6 Comments Post a comment
  1. An amazing initiative! (& I grew up in Norfolk, a wonderful county). Perhaps it should make an appearance at the CRE exhibition next year…

  2. Stephen Gutmann
    Jun 4 2010

    The pictures do show a remarkably well made lifesize model of the Tabernacle, for which I congratulate the creators. However, I wad more than a little perturbed to see the large wooden cross in one of the pictures. Yes I believe Jesus Christ is my Lord and Saviour, and He is also the Messiah of Israel. I am Jewish by descent, and I did not lose that by embracing Yeshua, and becoming a Minister within a Gentilized denomination! The Cross belongd in a separate place, perhaps where the New Testament interpretation and fulfilment are set out. If the organizers of this Tabernacle are going to welcome Jewish neighbours, friends, or even relatives, may I suggest this course of action. Otherwise the Cross placed in the setting of a model re-construction of the Tabernacle will cause unnecessary offence to Jewish people, the very ones G-d instructed through Moshe His prophet to build the Tabernacle. And I include Jewish believers in Jesus in that statement!

  3. Stephen Gutmann
    Jun 4 2010

    For “wad” please read “was” and for “belongd” please read “belongs.”

  4. Gerald Barlow
    Jun 6 2010

    i agree with Stephen above – biggest question is what is this for exactly and how is it to be used……
    Apart from anything a great initiative and a very great effort. Be nice to read or hear the rationale for how each item was interpreted and thus constructed – just a comment from the view of the Ark of the covenant but i suspect would apply to everything generally.

  5. Nick
    Jun 7 2010

    You say you don’t think the tabernacle had provisions for parking, but I disagree. The Bible often refers to Israel’s triumphs. Must have parked them somewhere.

  6. Jun 7 2010

    Thank you for all your comments.

    As I’ve not been involved, nor know precisely what the theological persuasions of the group are – Lorie is the practical one who makes it all happen but not the initiator (I don’t think) – i’m not really in a position to comment on how they might respond.

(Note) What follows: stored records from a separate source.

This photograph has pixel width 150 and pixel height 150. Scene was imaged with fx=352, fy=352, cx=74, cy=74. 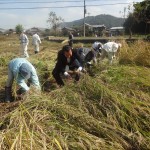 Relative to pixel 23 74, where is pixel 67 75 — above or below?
below

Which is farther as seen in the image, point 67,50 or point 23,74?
point 67,50

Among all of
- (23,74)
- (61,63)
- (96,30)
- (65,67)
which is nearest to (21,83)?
(23,74)

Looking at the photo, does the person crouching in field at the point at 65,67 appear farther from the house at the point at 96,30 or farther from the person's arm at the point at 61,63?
the house at the point at 96,30

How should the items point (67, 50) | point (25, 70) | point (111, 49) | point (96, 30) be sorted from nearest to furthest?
point (25, 70) < point (67, 50) < point (111, 49) < point (96, 30)

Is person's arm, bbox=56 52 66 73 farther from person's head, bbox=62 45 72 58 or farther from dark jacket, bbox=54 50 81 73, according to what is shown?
person's head, bbox=62 45 72 58

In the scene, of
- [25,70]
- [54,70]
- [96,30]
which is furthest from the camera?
[96,30]

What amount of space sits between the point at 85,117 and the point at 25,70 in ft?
Result: 5.94

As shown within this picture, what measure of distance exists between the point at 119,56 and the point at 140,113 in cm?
420

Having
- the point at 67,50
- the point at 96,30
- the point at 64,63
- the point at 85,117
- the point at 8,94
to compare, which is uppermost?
the point at 67,50

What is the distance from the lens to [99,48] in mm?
10641

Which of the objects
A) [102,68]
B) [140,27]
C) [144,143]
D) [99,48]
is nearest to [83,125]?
[144,143]

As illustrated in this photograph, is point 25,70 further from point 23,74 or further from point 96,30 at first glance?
point 96,30

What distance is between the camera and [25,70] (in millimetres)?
6180

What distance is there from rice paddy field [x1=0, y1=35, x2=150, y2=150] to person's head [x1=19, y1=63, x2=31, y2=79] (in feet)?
1.82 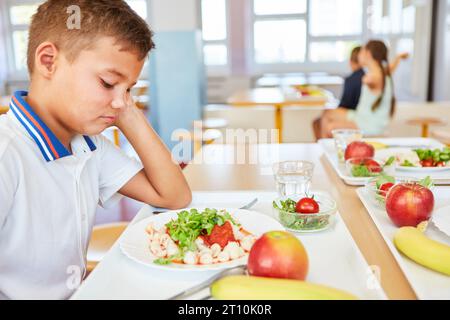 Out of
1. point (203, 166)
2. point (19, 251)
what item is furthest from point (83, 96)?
point (203, 166)

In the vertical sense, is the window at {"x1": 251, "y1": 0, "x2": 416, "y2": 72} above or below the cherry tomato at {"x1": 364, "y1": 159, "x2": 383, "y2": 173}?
above

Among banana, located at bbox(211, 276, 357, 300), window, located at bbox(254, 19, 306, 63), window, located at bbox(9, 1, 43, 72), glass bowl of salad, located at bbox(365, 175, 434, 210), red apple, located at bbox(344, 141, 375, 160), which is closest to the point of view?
banana, located at bbox(211, 276, 357, 300)

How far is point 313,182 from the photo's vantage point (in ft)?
3.87

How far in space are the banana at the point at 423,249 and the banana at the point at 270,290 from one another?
0.16m

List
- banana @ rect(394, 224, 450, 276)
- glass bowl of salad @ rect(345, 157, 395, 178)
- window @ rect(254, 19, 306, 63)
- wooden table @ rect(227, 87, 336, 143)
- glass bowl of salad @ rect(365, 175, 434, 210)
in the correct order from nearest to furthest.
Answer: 1. banana @ rect(394, 224, 450, 276)
2. glass bowl of salad @ rect(365, 175, 434, 210)
3. glass bowl of salad @ rect(345, 157, 395, 178)
4. wooden table @ rect(227, 87, 336, 143)
5. window @ rect(254, 19, 306, 63)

    But I do realise that there are genuine sensitivities here which we should do well to note. What i would say is that as far as I can tell, they are doing this as a means by which to explain the biblical and therefore profoundly Jewish, gospel – the overarching metanarrative of scripture being one of redemption. Therefore, this whole enterprise can only ever be a visual aid to this – and the cross being strategically placed in the place where sacrifices were made is to evoke the profound point that the writer to Hebrews makes in Hebrews 9 & 10 – namely that Christ’s sacrifice is once and for all (in contrast to the priests’ repeated sacrifices). This explains why (in the set up photographed) the grid at the centre of the sacrificial altar where the cross stands is symbolically broken. Obviously that is not historically accurate, but i would argue that it is theologically accurate. That is not a Jew/Gentile point – but one which the Jewish writers of the New Testament frequently insist upon.

    Now, of course, this may cause some questions if not disturbance for those from a Jewish background. But if one was to do a full and accurate reenactment, no one could ever enter the Most Holy Place at all. Ironically enough, though, for Christian believers, especially those from a Gentile background like myself, this is a helpful means by which to reinforce our Jewish inheritance and the privilege of being ingrafted.

    I guess this debate will run and run – but i hope this helps a little bit.